We found Giles Bones immersed in the fifth edition of Sustainable Brands Madrid, an annual meet-up for discussing sustainability and business. “A few years ago, I realised that I wanted to use by abilities to help create positive change in this world”, explains marketing, communication, and brand building specialist, who is currently focusing on helping companies transition to a more sustainable world. He does this work at The Creation Station and Quiero, a leading sustainability agency in Spain and the driver behind the Sustainable Brands meet-ups.
We often associate sustainability with the environment, but what is a sustainable business?
At the heart of the concept of sustainability are the Sustainable Development Goals of the United Nations, which were created with the support of 175 countries to encourage change and improve the world we live in. These 17 goals include ending poverty and hunger, good health and wellbeing, climate action, and equality, and businesses are involved in all of this. The sustainability of a business is not just measured by the impact the business has on the environment, but also by the impact it has on its employees, the community, its stakeholders, and society.
Is it possible for a brand that does not consider its development from a sustainability point of view to be successful in the current climate?
The days of companies and brands that don’t direct their business, production, operations, and mentality towards sustainability are numbered. This is due in large part to the existence of a new, more demanding consumer and a series of factors that are creating the need for sustainability.
We are going to start to see regulation and more rigorous obligations that will directly affect business activity; the price of natural resources, which are becoming increasingly limited, will rise and this will force businesses to look for more sustainable and cheaper solutions. There already are, and will be more processes and technological advances which will allow for more sustainability at a lower cost and which will help streamline businesses. There is also growing pressure from employees, stakeholders, and the consumer.
Companies need to have a purpose and be authentic to connect with the new and emerging consumer that asks them to be responsible
Luckily, there are more and more companies that want to do good for society, the community, and the planet. Unsustainable businesses will not disappear overnight, but over time they will give up their market share to other, more sustainable ones that are starting to get more consumer support, who will put their product or service on the market with a smaller carbon footprint and the biggest possible positive impact, and, in many cases, in a more competitive way, because they will have refined many areas of their business to make them more efficient.
Do you know the 17 Sustainable Development Goals from the United Nations?
As consumers, are we fulfilling our role of “drivers of change” for companies?
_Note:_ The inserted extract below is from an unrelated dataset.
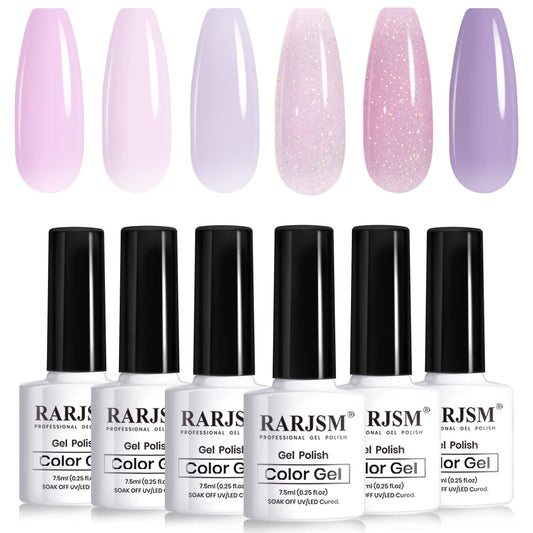 RARJSM front packaging showing six nude purple glitter bottles and set benefit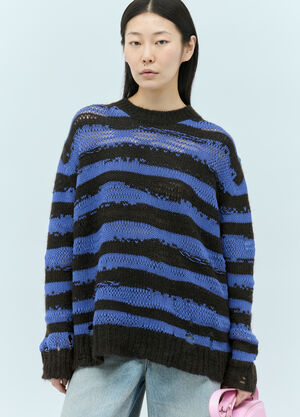Burberry Distressed Stipe Sweater Beige bur0257007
Consumers are realising the power that they have over brands and companies through purchasing decisions and their loyalty to one brand or another, which is why our buying power can directly influence a company’s profits. Then there are the massive disruptive collaborative movements like Desnuda la fruta, Extinction Rebellion, and Fridays for Change, which are examples of how individuals fighting together can force change to occur. This, combined with the power and connection of social media, almost makes transparency obligatory for brands and companies, because it makes it harder to hide. It is the beginning of a “revolution”, one which companies must be ready for by providing information and being more transparent in order to connect with consumers.
Is there a new type of conscious consumer?
The new consumer is extremely conscious, better informed, and less willing to conform, and they have clear values that they want to see reflected in the brands they use. They want them to be responsible, ethical, fair, and transparent. It’s not just millennials and later generations: a wide range of consumers have woken up.
Sé mas viejo (Be older), the latest campaign from Adolfo Dominguez, encourages us to consume less and better
But are we considering the environmental impact of brands enough?
We are starting to be more aware of it, but there is still a long way to go, mostly because of the lack of information about the products we consume. There are apps that tell you about the carbon footprint or origins of a product, and we are looking at what a product contains more and more; however, brands don’t always make it easy. We still go through life consuming blindly without knowing how the things we use are made, what we are eating or wearing, or the impact its production has had. If we were better informed, we would change a lot of our behaviours, without a doubt.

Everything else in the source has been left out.